**Your instructions:**
Each line of the data below must be reproduced without any change.

**Material provided:**
* * * * * * *
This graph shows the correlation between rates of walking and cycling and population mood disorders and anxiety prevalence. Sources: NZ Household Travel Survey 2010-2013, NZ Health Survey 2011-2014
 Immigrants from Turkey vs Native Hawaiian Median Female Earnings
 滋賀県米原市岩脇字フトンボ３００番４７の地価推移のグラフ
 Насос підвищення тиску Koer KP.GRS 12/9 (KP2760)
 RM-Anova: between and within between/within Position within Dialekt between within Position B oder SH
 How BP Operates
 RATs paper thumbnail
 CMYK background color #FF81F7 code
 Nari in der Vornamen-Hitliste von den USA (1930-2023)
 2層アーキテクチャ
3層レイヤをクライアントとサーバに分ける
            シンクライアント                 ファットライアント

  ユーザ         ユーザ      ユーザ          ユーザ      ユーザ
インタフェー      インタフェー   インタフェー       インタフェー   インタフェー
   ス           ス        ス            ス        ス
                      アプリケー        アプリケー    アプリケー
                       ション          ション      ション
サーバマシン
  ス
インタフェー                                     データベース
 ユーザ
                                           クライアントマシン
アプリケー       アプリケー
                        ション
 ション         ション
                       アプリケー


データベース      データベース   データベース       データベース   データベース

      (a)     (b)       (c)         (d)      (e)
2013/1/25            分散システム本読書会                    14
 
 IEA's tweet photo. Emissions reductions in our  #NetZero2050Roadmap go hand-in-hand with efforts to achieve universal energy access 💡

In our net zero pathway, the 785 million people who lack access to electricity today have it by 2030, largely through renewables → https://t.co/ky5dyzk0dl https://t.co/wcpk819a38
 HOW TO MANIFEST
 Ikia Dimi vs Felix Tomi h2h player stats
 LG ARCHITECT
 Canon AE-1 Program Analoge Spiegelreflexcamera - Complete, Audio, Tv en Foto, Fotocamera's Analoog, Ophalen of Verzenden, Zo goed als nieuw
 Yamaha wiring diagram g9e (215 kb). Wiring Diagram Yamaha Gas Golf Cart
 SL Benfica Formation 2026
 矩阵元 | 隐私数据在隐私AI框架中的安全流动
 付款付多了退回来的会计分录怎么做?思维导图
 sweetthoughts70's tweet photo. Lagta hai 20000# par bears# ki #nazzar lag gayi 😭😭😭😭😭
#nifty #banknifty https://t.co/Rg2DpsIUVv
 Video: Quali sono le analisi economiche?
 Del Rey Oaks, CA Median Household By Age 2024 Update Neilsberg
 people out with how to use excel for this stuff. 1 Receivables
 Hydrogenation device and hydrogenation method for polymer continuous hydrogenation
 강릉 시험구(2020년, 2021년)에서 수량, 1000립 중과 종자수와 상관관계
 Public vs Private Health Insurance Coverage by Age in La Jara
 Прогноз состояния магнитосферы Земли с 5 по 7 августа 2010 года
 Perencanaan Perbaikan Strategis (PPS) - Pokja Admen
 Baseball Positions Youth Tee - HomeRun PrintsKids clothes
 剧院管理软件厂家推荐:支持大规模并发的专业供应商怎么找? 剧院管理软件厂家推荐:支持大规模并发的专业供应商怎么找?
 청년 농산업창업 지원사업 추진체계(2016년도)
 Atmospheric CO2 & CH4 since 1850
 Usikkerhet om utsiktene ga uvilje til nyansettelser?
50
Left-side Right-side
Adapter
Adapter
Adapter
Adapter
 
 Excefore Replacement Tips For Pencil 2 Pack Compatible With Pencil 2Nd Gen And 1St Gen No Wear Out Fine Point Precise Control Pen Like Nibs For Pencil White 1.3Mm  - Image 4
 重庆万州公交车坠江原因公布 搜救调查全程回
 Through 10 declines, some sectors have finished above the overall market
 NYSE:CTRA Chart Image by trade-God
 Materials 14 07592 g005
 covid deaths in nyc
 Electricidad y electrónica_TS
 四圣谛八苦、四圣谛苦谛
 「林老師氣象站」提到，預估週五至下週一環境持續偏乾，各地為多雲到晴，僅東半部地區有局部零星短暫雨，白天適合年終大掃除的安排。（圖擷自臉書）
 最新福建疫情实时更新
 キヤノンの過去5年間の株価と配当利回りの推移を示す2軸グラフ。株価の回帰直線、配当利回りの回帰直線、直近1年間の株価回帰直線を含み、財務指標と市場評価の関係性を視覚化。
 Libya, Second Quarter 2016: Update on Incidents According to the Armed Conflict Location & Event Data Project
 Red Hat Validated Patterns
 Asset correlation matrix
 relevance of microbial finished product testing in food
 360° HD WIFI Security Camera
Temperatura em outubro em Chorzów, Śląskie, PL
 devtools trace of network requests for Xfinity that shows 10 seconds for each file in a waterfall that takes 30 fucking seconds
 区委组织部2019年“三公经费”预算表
* * * * * * *
**Exercise response:**
This graph shows the correlation between rates of walking and cycling and population mood disorders and anxiety prevalence. Sources: NZ Household Travel Survey 2010-2013, NZ Health Survey 2011-2014
 Immigrants from Turkey vs Native Hawaiian Median Female Earnings
 滋賀県米原市岩脇字フトンボ３００番４７の地価推移のグラフ
 Насос підвищення тиску Koer KP.GRS 12/9 (KP2760)
 RM-Anova: between and within between/within Position within Dialekt between within Position B oder SH
 How BP Operates
 RATs paper thumbnail
 CMYK background color #FF81F7 code
 Nari in der Vornamen-Hitliste von den USA (1930-2023)
 2層アーキテクチャ
3層レイヤをクライアントとサーバに分ける
            シンクライアント                 ファットライアント

  ユーザ         ユーザ      ユーザ          ユーザ      ユーザ
インタフェー      インタフェー   インタフェー       インタフェー   インタフェー
   ス           ス        ス            ス        ス
                      アプリケー        アプリケー    アプリケー
                       ション          ション      ション
サーバマシン
  ス
インタフェー                                     データベース
 ユーザ
                                           クライアントマシン
アプリケー       アプリケー
                        ション
 ション         ション
                       アプリケー


データベース      データベース   データベース       データベース   データベース

      (a)     (b)       (c)         (d)      (e)
2013/1/25            分散システム本読書会                    14
 
 IEA's tweet photo. Emissions reductions in our  #NetZero2050Roadmap go hand-in-hand with efforts to achieve universal energy access 💡

In our net zero pathway, the 785 million people who lack access to electricity today have it by 2030, largely through renewables → https://t.co/ky5dyzk0dl https://t.co/wcpk819a38
 HOW TO MANIFEST
 Ikia Dimi vs Felix Tomi h2h player stats
 LG ARCHITECT
 Canon AE-1 Program Analoge Spiegelreflexcamera - Complete, Audio, Tv en Foto, Fotocamera's Analoog, Ophalen of Verzenden, Zo goed als nieuw
 Yamaha wiring diagram g9e (215 kb). Wiring Diagram Yamaha Gas Golf Cart
 SL Benfica Formation 2026
 矩阵元 | 隐私数据在隐私AI框架中的安全流动
 付款付多了退回来的会计分录怎么做?思维导图
 sweetthoughts70's tweet photo. Lagta hai 20000# par bears# ki #nazzar lag gayi 😭😭😭😭😭
#nifty #banknifty https://t.co/Rg2DpsIUVv
 Video: Quali sono le analisi economiche?
 Del Rey Oaks, CA Median Household By Age 2024 Update Neilsberg
 people out with how to use excel for this stuff. 1 Receivables
 Hydrogenation device and hydrogenation method for polymer continuous hydrogenation
 강릉 시험구(2020년, 2021년)에서 수량, 1000립 중과 종자수와 상관관계
 Public vs Private Health Insurance Coverage by Age in La Jara
 Прогноз состояния магнитосферы Земли с 5 по 7 августа 2010 года
 Perencanaan Perbaikan Strategis (PPS) - Pokja Admen
 Baseball Positions Youth Tee - HomeRun PrintsKids clothes
 剧院管理软件厂家推荐:支持大规模并发的专业供应商怎么找? 剧院管理软件厂家推荐:支持大规模并发的专业供应商怎么找?
 청년 농산업창업 지원사업 추진체계(2016년도)
 Atmospheric CO2 & CH4 since 1850
 Usikkerhet om utsiktene ga uvilje til nyansettelser?
50
Left-side Right-side
Adapter
Adapter
Adapter
Adapter
 
 Excefore Replacement Tips For Pencil 2 Pack Compatible With Pencil 2Nd Gen And 1St Gen No Wear Out Fine Point Precise Control Pen Like Nibs For Pencil White 1.3Mm  - Image 4
 重庆万州公交车坠江原因公布 搜救调查全程回
 Through 10 declines, some sectors have finished above the overall market
 NYSE:CTRA Chart Image by trade-God
 Materials 14 07592 g005
 covid deaths in nyc
 Electricidad y electrónica_TS
 四圣谛八苦、四圣谛苦谛
 「林老師氣象站」提到，預估週五至下週一環境持續偏乾，各地為多雲到晴，僅東半部地區有局部零星短暫雨，白天適合年終大掃除的安排。（圖擷自臉書）
 最新福建疫情实时更新
 キヤノンの過去5年間の株価と配当利回りの推移を示す2軸グラフ。株価の回帰直線、配当利回りの回帰直線、直近1年間の株価回帰直線を含み、財務指標と市場評価の関係性を視覚化。
 Libya, Second Quarter 2016: Update on Incidents According to the Armed Conflict Location & Event Data Project
 Red Hat Validated Patterns
 Asset correlation matrix
 relevance of microbial finished product testing in food
 360° HD WIFI Security Camera
Temperatura em outubro em Chorzów, Śląskie, PL
 devtools trace of network requests for Xfinity that shows 10 seconds for each file in a waterfall that takes 30 fucking seconds
 区委组织部2019年“三公经费”预算表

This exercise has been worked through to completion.